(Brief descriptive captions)
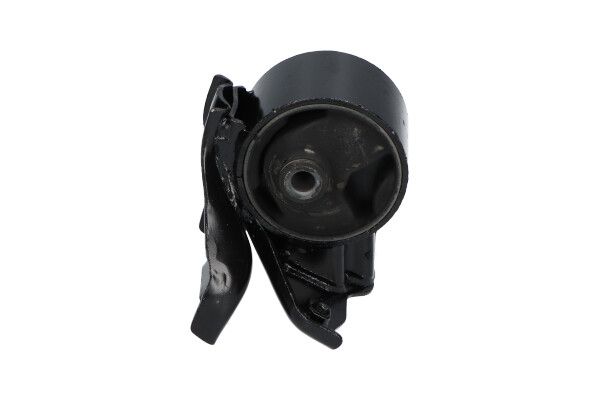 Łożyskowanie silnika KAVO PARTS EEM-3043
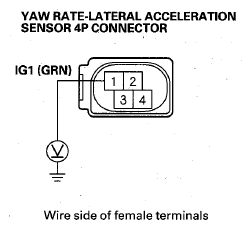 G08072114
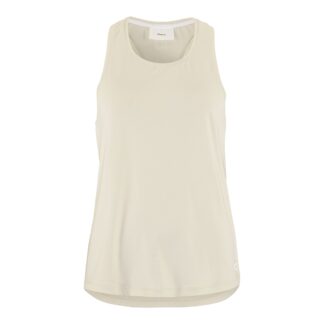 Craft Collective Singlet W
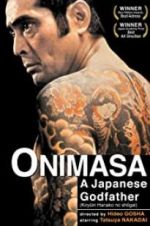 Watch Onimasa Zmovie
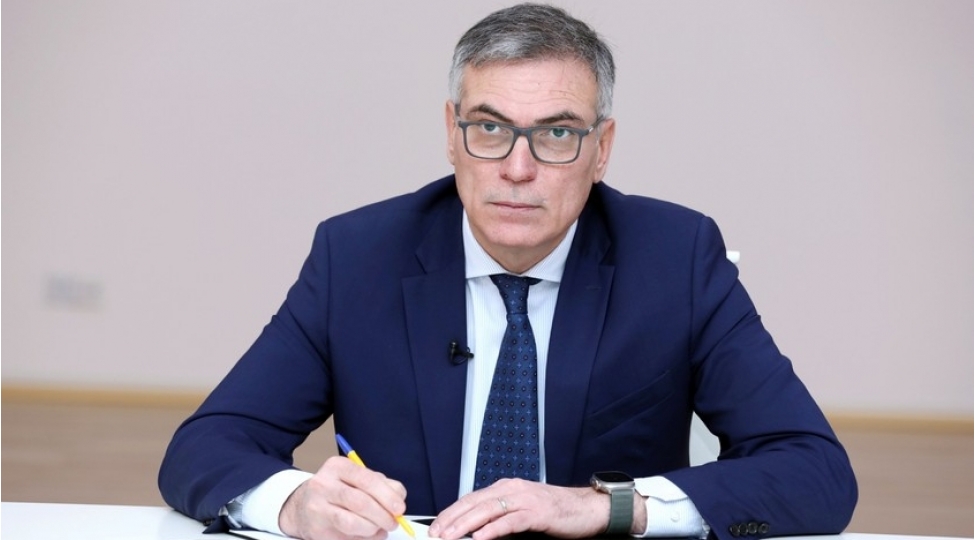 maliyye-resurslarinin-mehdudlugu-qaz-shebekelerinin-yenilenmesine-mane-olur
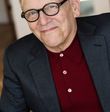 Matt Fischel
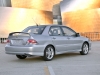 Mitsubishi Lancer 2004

**Exercise details**
The copy must begin at the line containing "Craft Collective Singlet W" and end at the last line of the data above, with every line retyped exactly and no pictures included.

**Answer section**
 Craft Collective Singlet W
 Watch Onimasa Zmovie
 maliyye-resurslarinin-mehdudlugu-qaz-shebekelerinin-yenilenmesine-mane-olur
 Matt Fischel
 Mitsubishi Lancer 2004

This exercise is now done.